Out the back door, lad, Thomas told himself. He hurried past the sinks, quietly opened the screen door at the rear of the place, and slipped out into the alley. He picked his way quickly and cautiously through the shadows, and when he had slipped by the back ends of two dark buildings, and the city wall was a scant stone’s-throw ahead, he turned left again and followed a short, unpaved strip of dirt between two high walls back to the Hi
gh Street sidewalk. Barely twenty seconds had elapsed since the six shots had been fired.
Thomas peered around the wall, back toward the front door of the Blind Moon. A half-dozen policemen loitered out front, a couple of them crouched over a body that lay motionless in the street. So much for poor old Jenkins, Thomas thought nervously, and the Collected Letters of J. Heinemann Strogoff. He noticed that he was still holding the envelope Jenkins had given him, and he shoved it hastily into his back pocket.

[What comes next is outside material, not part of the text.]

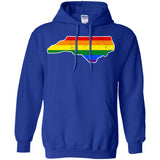 North Carolina Rainbow Flag LGBT Community Pride LGBT Shirt  G185 Gildan Pullover Hoodie 8 oz.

After a few minutes three more officers stepped out of the Blind Moon. “Nobody in here’s got it,” one said.
“It’s not on him, either,” spoke up one who’d been hunched over the body. “We must have missed it at his place.” Lining up in formation, they trotted away south on Spring.
I’ve got to get back to the theatre, Thomas thought, so I can see what’s in this damned letter. Gladhand will probably be interested, whatever it is.
Thomas was prodding his phlegmatic horse down the southward side of the Spring Street bridge when one of the ubiquitous beggars called hoarsely to him, “Rufus!”
Thomas looked at the passersby, thinking that perhaps the beggar knew one of them.
“Rufus, goddamnit!” the beggar said, louder this time.
Thomas reluctantly turned his horse around and halted beside the ragged, slumped figure that had hailed him. This is probably a trap, he thought worriedly; I should move on and get this letter to Gladhand. Then he noticed, in the unsteady light from a street lamp, blood glistening on the beggar’s chest.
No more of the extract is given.